How do we approach maximizing the probability $P(e \mid  c)?$ Given that we know Bayes' Theorem:

$$P( e \mid  c) = \dfrac{P(e)\hspace{0.05cm}P(c\mid e)}{P(c)}$$

the above equation becomes

$$\vec{e} = arg\hspace{0.05cm} max\hspace{0.05cm}P(e \mid c) = arg\hspace{0.05cm} max\hspace{0.05cm}P(e)\hspace{0.05cm}P(c \mid e)$$

This is pure Bayesian reasoning; think of the given Chinese sentence $c$ as a crime scene. Knight gives a good analogy for this: $e$ is the person who did the crime, $P(e)$ is the description of the person, and $P(c \mid e)$ is how they did it. There are possibly many people who fit the description of $P(e)$ but those people may not have the means of committing the crime. Likewise, there are possibly many people who have the means $P(c \mid e)$ of committing the crime but they don't fit the personality. We're trying to solve for the person who is most likely to commit the crime and has the means to commit it.

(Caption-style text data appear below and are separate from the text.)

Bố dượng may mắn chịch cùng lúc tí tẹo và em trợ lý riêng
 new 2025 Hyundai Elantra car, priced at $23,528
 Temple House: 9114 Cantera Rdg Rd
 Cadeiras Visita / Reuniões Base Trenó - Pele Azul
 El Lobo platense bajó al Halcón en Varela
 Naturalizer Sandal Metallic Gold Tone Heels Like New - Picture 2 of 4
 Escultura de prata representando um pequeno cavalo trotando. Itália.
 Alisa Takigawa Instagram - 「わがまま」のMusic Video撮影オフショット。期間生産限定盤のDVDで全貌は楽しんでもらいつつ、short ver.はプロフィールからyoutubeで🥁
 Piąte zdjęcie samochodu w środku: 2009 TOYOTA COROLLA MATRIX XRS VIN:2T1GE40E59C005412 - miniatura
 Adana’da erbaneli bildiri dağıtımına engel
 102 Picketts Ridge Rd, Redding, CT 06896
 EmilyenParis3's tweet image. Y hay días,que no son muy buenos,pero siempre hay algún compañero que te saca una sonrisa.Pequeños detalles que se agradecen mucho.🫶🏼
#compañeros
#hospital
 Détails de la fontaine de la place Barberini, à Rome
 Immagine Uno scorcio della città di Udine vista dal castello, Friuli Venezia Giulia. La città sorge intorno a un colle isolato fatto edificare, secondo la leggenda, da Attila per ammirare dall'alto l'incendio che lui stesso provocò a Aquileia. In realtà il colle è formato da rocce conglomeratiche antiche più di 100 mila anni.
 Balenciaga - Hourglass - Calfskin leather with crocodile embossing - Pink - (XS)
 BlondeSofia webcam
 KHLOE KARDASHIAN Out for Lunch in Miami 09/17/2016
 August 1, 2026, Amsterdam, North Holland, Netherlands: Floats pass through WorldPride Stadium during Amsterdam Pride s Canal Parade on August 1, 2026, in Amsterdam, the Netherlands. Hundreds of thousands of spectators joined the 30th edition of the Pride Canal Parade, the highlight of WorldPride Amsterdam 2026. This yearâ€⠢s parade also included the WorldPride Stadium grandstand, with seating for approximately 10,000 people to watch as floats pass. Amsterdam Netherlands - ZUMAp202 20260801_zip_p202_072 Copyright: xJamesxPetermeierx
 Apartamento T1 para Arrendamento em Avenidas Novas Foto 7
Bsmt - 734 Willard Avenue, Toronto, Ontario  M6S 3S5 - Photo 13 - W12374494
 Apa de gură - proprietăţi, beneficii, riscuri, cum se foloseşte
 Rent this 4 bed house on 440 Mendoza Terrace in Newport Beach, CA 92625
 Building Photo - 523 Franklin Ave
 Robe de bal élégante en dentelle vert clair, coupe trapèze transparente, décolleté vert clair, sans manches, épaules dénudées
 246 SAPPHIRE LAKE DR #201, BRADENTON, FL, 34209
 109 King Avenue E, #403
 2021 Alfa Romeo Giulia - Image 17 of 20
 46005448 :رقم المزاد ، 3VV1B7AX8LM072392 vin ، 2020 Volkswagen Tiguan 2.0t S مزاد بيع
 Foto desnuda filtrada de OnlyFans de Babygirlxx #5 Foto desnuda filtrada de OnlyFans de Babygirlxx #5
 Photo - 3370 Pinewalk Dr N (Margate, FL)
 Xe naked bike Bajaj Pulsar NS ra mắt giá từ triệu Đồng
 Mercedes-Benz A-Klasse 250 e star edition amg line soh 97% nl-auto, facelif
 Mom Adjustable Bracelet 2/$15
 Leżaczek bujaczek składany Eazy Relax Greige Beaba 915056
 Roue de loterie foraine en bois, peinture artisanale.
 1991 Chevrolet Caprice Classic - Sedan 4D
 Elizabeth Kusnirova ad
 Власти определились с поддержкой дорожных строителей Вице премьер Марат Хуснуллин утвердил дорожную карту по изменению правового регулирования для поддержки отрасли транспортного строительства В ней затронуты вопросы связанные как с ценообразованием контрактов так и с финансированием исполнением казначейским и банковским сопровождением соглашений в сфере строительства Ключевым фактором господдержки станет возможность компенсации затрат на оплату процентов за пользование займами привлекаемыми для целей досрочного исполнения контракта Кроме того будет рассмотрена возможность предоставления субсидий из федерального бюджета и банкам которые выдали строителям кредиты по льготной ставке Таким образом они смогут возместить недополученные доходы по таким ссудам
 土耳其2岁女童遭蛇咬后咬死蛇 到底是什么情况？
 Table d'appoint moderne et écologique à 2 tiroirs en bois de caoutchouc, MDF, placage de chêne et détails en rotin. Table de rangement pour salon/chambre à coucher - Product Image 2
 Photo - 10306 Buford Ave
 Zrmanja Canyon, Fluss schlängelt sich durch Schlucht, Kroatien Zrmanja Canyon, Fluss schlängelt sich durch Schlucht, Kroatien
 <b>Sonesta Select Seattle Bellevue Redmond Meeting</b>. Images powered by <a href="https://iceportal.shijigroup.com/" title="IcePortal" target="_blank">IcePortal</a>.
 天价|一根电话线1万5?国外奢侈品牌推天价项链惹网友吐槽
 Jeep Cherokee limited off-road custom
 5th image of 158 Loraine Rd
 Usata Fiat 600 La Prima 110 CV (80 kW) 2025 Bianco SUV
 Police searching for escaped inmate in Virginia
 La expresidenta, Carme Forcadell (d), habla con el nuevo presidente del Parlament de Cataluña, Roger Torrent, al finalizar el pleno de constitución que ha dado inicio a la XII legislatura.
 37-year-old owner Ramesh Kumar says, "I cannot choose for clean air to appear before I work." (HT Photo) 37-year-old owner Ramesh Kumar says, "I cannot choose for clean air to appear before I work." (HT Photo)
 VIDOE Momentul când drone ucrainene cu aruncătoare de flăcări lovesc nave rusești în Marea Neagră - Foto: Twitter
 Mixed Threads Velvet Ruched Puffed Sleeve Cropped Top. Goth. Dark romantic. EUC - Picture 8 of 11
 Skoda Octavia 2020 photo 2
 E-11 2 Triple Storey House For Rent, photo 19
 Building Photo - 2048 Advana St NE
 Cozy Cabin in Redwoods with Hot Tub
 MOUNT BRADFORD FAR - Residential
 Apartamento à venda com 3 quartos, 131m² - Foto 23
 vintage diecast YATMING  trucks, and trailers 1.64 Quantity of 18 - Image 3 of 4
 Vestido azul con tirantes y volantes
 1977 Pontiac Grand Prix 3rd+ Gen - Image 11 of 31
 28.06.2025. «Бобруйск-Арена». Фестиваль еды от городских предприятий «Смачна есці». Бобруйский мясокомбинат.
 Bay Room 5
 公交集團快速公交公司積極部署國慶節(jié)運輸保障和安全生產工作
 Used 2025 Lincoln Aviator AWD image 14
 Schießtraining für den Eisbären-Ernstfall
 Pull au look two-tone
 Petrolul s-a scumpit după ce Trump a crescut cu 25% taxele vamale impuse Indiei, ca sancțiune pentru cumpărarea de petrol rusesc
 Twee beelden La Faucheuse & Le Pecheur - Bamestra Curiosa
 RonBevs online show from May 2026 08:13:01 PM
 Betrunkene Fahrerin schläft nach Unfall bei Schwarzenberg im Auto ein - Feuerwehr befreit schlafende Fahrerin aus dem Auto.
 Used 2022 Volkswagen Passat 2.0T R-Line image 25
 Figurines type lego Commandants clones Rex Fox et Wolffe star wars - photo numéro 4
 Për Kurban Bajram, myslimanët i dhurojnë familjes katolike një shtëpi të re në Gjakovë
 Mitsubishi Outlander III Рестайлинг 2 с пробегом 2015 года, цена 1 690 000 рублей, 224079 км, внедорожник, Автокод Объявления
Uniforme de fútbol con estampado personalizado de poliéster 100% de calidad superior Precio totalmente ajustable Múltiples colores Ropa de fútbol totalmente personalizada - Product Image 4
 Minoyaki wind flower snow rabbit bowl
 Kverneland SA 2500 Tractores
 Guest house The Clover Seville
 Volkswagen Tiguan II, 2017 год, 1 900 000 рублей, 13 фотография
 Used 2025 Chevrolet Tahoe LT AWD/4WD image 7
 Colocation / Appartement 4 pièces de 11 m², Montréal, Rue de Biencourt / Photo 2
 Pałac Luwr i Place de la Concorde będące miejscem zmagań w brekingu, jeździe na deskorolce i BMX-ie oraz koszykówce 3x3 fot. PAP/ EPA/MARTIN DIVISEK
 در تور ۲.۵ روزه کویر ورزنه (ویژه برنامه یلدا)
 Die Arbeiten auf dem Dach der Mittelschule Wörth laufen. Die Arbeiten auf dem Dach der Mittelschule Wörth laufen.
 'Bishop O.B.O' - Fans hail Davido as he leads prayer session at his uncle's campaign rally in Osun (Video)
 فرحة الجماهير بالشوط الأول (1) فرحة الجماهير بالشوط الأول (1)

Now if we think about translating language itself, accurate syntax and translations are necessary. We can't have one without the other. In our last equation, $P(e)$ is equivalent to correct syntax and $P(c\mid e)$ is equivalent to correct translations. This is why we must maximize the probability $P(e \mid c)$. Maximizing this probability is equivalent to finding sentences that have correct syntax and accurate translations.

### Language Model

To account for syntax, meaning finding values of $P(e)$, we use a *n*-gram model.

Data directory:

In [4]:
#my personal computer
path = "C:\\Users\\chuck189\\Desktop\\Cal Poly Summer Research 2017\\data"

#math lounge computer
#path = "/Users/csmuser/Desktop/Cal Poly Summer Research 2017/data"

Trigram code:

In [5]:
def trigram(final, freqs):
    '''
    Takes a list of strings (which are sentences) and a dictionary with phrase frequencies
    Returns a trigram and updated phrase frequencies.
    '''
    temp = {}
    
    
    for sent in final:
        
        for i in range(0, len(sent) - 2):
            ot = final[i] + " " + final[i + 1]
            tt = final[i + 1] + " " + final[i + 2]
            if ot in temp:
                if tt in temp[ot]:
                    temp[ot][tt] += 1
                else:
                    temp[ot].update({tt : 1})
            else:
                temp.update({ot : {tt : 1}})
    '''
    for i in list(temp):
        num = 0
        for j in list(temp[i]):
            num += temp[i][j]
        for j in list(temp[i]):
            temp[i][j] /= num
    '''
    
    return temp

Function for merging a list of dictionaries:

In [6]:
def merge_dicts(dict_args):
    result = {}
    for dictionary in dict_args:
        result.update(dictionary)
    return result

The next block prepares to check contractions and a list of punctuations to remove (except sentence stops, -, $).

In [79]:
#pulling contractions from two different sites
c = requests.get("http://www.softschools.com/language_arts/grammar/contractions/contractions_list/").content
soup = BeautifulSoup(c, "lxml")
cont = [x for x in str(soup.find_all("span", class_ = "myFont14")[0])
                .replace("<br/>", " ").split(" ") if "\'" in x]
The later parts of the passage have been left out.